Tanzende melden sich aus der Kriegsgefangenschaft
Aus der Zeit nach 1933 sind keine Arbeiten mehr von ihm bekannt, mit einer Ausnahme, die jetzt auch in Berlin zu sehen ist: Wiederhold war zum Wehrdienst verpflichtet worden und in englische Kriegsgefangenschaft geraten. Dort zeichnete er 1946 eine großartige Serie von Figurinen, in denen sich Körperelemente wie Beine, Gesichter, Hände mit gemusterten Flächen verschränken, ein Tanz mit immer weiter ausgreifenden Bewegungen.
Wiederhold gehört zu den Künstler:innen, deren Karrieren durch Nationalsozialismus und Krieg zerbrachen und die erst Jahrzehnte später wiederentdeckt worden sind. Er arbeitete nach 1945 als Buchhändler. Im Foyer der Neuen Nationalgalerie ist er zusammen mit „Abend über Potsdam“ der Malerin Lotte Laserstein ausgestellt, die ins schwedische Exil gegangen war und erst in den letzten 15 Jahren mit großen Ausstellungen wieder gefeiert wurde.

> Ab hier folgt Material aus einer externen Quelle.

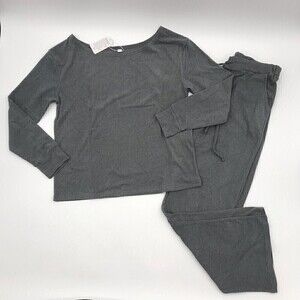 Fashion Says ‘Me Too’ Style Says ‘Only Me’ Grey Long-Sleeve & Pant Set size L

Zudem war Wiederholds Werk im Material fragil. Selbst großformatige Bilder, wie die 1927 entstandene „Jazzsymphonie“, 305 x 456 cm, war auf Papier gemalt und ist später erst – ob vom Künstler selbst oder im Kunsthandel, weiß man nicht – auf Leinwand kaschiert worden. Der Sammler Carl Laszlo, der Anfang der 1960er Jahre noch Kontakt zu Wiederhold pflegte, hatte das Bild bei sich als Deckengemälde hängen. In der Neuen Nationalgalerie bildet dies Kaleidoskop aus zylindrischen Köpfen, Musikinstrumenten, Rosetten, Blumen und Karos, als ob ein ganzes Musterbuch in diese Collage eingeflossen wäre, jetzt den Höhepunkt der Ausstellung.